Does 'infinitely elastic' and 'inelastic' pertain to same meaning? What is the difference between them? Please explain in brief.
No. In fact, they mean quite the opposite. Infinitely elastic, means the elasticity is infinity. Perfectly Inelastic means not elastic, i.e. the elasticity is 0. Ineslastic means the elasticity is very low, so between 0 and 1. This means there is "underreaction" (less than proportional).
So if something is infinitely elastic there will be an extremely large reaction. If something is perfectly inelastic there will be no reaction. If something is inelastic, there will be very little reaction.
Let's take the example of price elasticity for an ordinary good where price increases cause demand to fall.
A good with a very close substitute would have a large price elasticity.

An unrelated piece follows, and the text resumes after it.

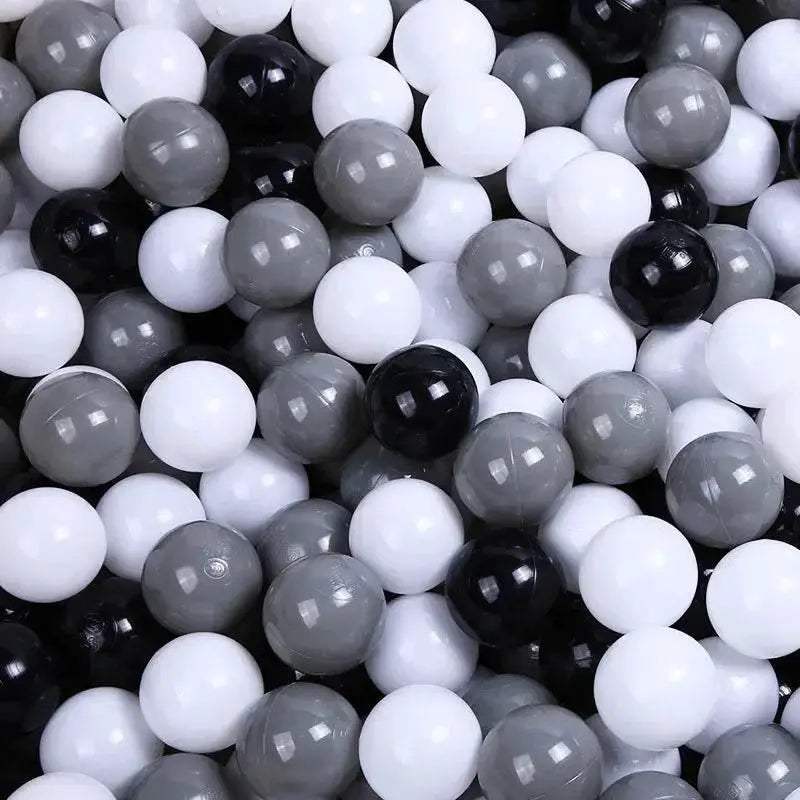 100Pcs Eco-Friendly Colorful Ball Soft Plastic Ocean Ball Gifts - ToylandEU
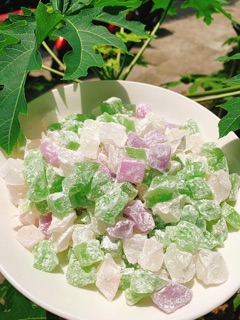 Thạch sắn dây nấu chè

If it's infinite: At a given price there will be a given demand. As soon as we increase the price even marginally the demand will fall to 0.
A good with no substitute and especially addictive goods usually have a price elasticity of (close to) 0 typically. There is the same demand at all prices. Assume an individual who always must smoke a pack of cigarettes a day. If we increase the price of cigarettes and if his elasticity is 0, then he will continue to purchase one pack a day. Even if we double the price or more, there will be no reaction (in this case reduction).
Elasticity is a general concept which basically means how sensitive one quantity is with respect to some other quantity. In economics we use concepts like price elasticity of demand, elasticity of substitution etc. A high value of elasticity say for example price elasticity of demand means that the quantity demanded is too much sensitive to the price. This will be represented by a horizontal curve between price and quantity demanded and the demand is said to be infinitely or perfectly elastic. A very low value of price elasticity of demand means that the demand is not much influenced by the price. In such case the demand is said to be perfectly inelastic. Price elasticity is majorly governed by consumer needs and availability of substitutes. Although it is difficult to find perfectly elastic or perfectly inelastic goods around us but still we can understand highly elastic goods with the example of, say, a book on economics in printed form. If its price increases even by a small amount people have many substitutes such as online free books or books by other authors. Its demand may fall drastically. An inelastic good could be the air we breathe, water we drink etc. Even if you are charged heavily for it you may not reduce your consumption. But one point to be noted here is that it depends on the consumer utility which goods can be regarded as elastic or inelastic and it may vary from consumer to consumer. For example, oil can be an inelastic good for a millionaire but not for someone poor who can barely afford a rise in oil price.